Obviously circumstances
will vary according to the nature and size of
the business being conducted by the Canadian parent
company and its offshore subsidiary, and expert
advice is needed before even considering a move
of this kind, but as long as the offshore affiliate
is located in a jurisdiction which has a double
taxation agreement with Canada, and is conducting
'active business', tax savings of this kind should
be possible.
The Barbados treaty
was extensively revised in 2002. A
key article of the amended agreement is an improvement
to information exchange provisions. The Canadian
Revenue Agency is also seeking to crack down on
a number of tax evasion schemes designed to exploit
loopholes in the original treaty, so another important
change was the inclusion of provisions for Canada
to tax capital gains when assets are clearly shifted
from one country to another solely for the purposes
of capital gains tax avoidance.
(N.B.
The corporate tax rules in Barbados are currently
undergoing some transformation as the country
'merges' its onshore and offshore sectors to satisfy
the demands of the OECD).
Cyprus
Until recently,
Cyprus was a very attractive jurisdiction for
Canadian businesses wishing to take advantage
of low corporate taxation and Canada's foreign
affiliate taxation rules. However, commitments
made to the EU and the OECD have begun to nibble
away at Cyprus's corporate tax advantage. Cyprus
was among the jurisdictions which pledged to amend
its tax regime in return for exclusion from the
OECD 'blacklist' in June of 2000, and although
the island promised that its company and trust
management regime would remain the same, Cyprus
installed a new 'harmonised' tax regime in 2003
under which a uniform corporation tax rate of
10% applies to all types of company.
Prior to the 2003
changes, IBCs paid just 4.5% in corporate income
tax, compared with 20-25% for onshore companies.
Cyprus may therefore
remain a good jurisdiction in which to hold subsidiaries
in Eastern Europe and some other emerging markets
(Cyprus has good tax treaties with most such countries)
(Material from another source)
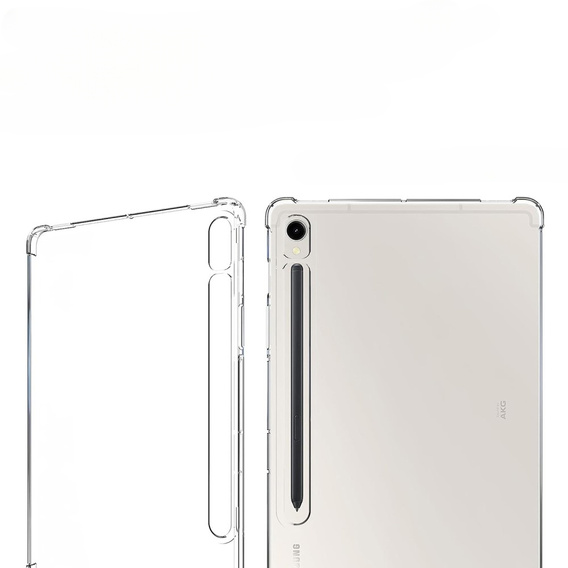 Чехол для Samsung Galaxy Tab S9, с держателем стилуса, силиконовый, прозрачный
and is of course now part of the EU, but in general
it may lose some of its attraction compared to
Barbados.
Until 2003, IBCs
in Cyprus were duly authorised offshore limited
liability companies, and the following conditions
were imposed on foreign corporations wishing to
establish one as its offshore subsidiary:
- The entity must
be entirely foreign owned
- The objects
of the business and source of income must be
outside Cyprus
- No local borrowing
is permitted
In addition to these
requirements, audited annual accounts must be
filed with the Central Bank, and all business
enterprises are required to register with the
Registrar of Companies.
However,
as from 1st January, 2003, an offshore company
(IBC) no longer has a separate taxation status,
and is taxed according to the same principles
as a regular company. In addition, IBCs are allowed
to trade inside Cyprus. However, an existing IBC
which made an irrevocable commitment not to trade
inside Cyprus until 2006 could claim the existing
low tax rate for the three years 2003, 2004 and
2005.
Other offshore jurisdictions
favoured by Canadians (such as the Cayman Islands,
the Turks and Caicos Islands, the Netherlands
Antilles, and the Channel Islands) will continue
to have their uses, but Barbados and Cyprus will
probably remain the two most frequently used jurisdictions.